新型コロナ感染症拡大の影響で東京オリンピックの延期や訪日外国人が激減したことから、羽田新ルート導入の必要性(国際競争力強化、訪日外国人の増加、日本全国の地域活性化)の前提条件が崩れてきた。それなのに政府は羽田新ルートの運用を見直すこともなく、また、一旦停止することもなく強行し続けている。

そんななか、「品川区民投票を成功させる会」は11月9日、法定署名数の3倍を超える署名を品川区選挙管理委員会に提出した。さらに12月11日、品川区長あてに署名簿を添えて投票条例案の本請求。同条例に係る臨時会が12月23日に開催され、区の提案が説明されたあと、25日に意見陳述、委員会審査・採決を経て本会議で採決される運びとなった。

このまま議案が採択され条例が成立すると、3か月以内に区民投票が実施されることになるのだが――。

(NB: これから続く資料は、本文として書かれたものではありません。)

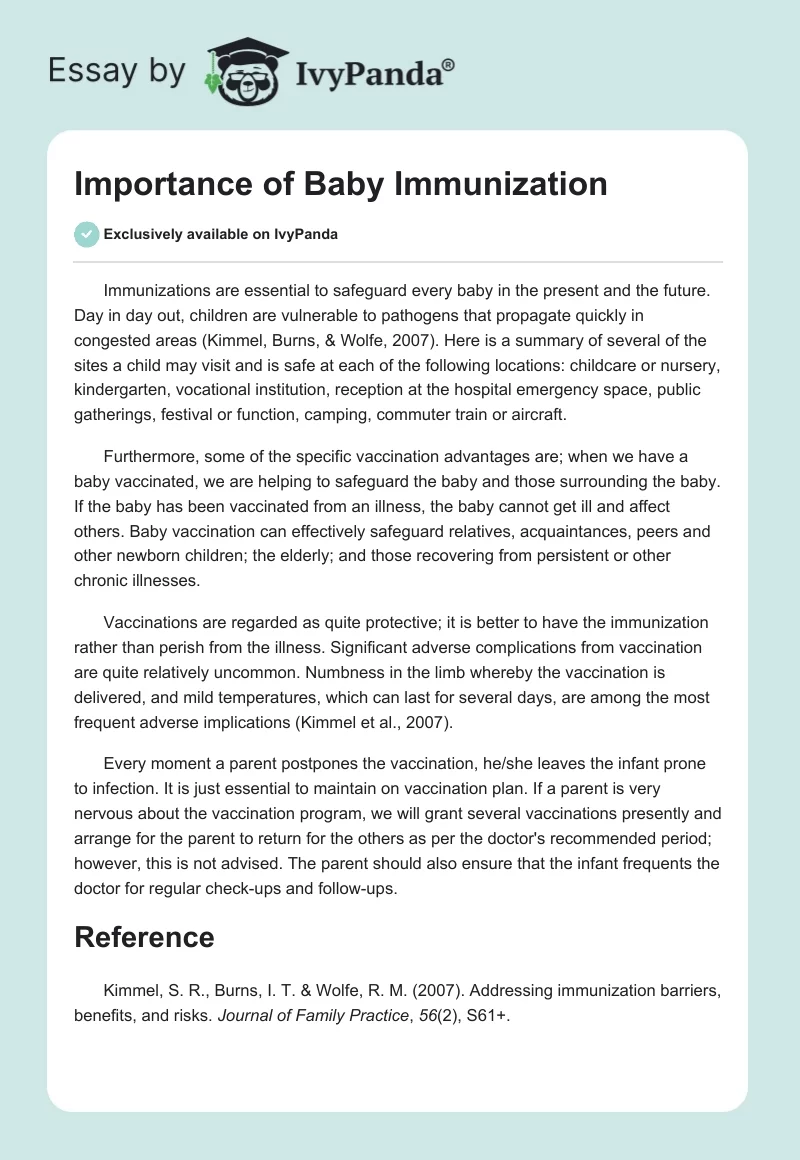 Importance of Baby Immunization. Page 1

区議会のホームページに12月18日公開された提出議案には、濱野健品川区長が条例制定に反対を表明する旨が記されている。反対理由として、① 既に国に意見を表明している、② 条例案の内容が民意反映方法として適当でない、③ 経費がかかる、④ 国の決定事項である、を挙げている。

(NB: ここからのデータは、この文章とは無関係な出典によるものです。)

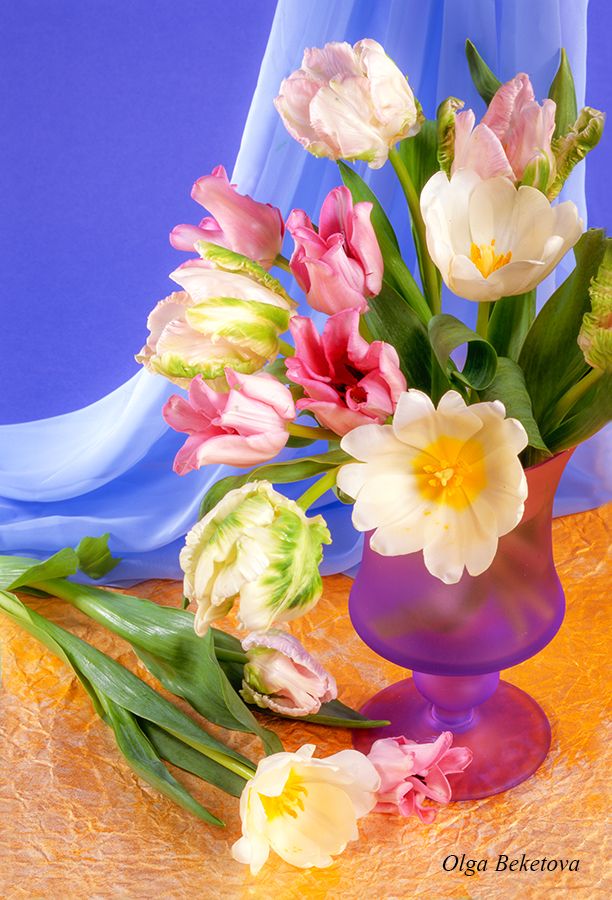 тюльпаны, натюрморт, ваза, фиолетовая, Бекетова Ольга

条例成立の可否を握っているのは、区議会議員40人のうち羽田新ルートを推進している自公と自無(自民・無所属・子ども未来)の23人の投票行動。区議会の過半数を占めている自公と自無が条例案制定に賛成しなければ、否決されることになる。

「品川区民投票を成功させる会」が11月11日に実施したアンケートの調査結果によれば、自公と自無は条例案の賛否については「まだ答えられない」と回答している。

羽田新ルートの是非を問う品川住民投票の動きに対して、政府は松原仁衆議院議員の質問主意書に「仮定の質問であり、お答えすることは差し控えたい」と答えている。

一方、公明党の都議、区議からの緊急要望書を受けて尻に火が付いた赤羽国交大臣が始めた専門家から構成された「羽田新経路の固定化回避に係る技術的方策検討会」の第2回目が12月23日に開催される。品川区住民投票条例係る品川区議会臨時会と同じ日に開催されるのは偶然なのか。検討会が自公、自無議員に条例案否決のエクスキューズを与えることはないのか。

羽田新ルートの賛否を問う品川区住民投票条例が成立するかどうか、正念場を迎えている。

武内 修二(たけうち・しゅうじ)1級建築士。マンションアナリスト。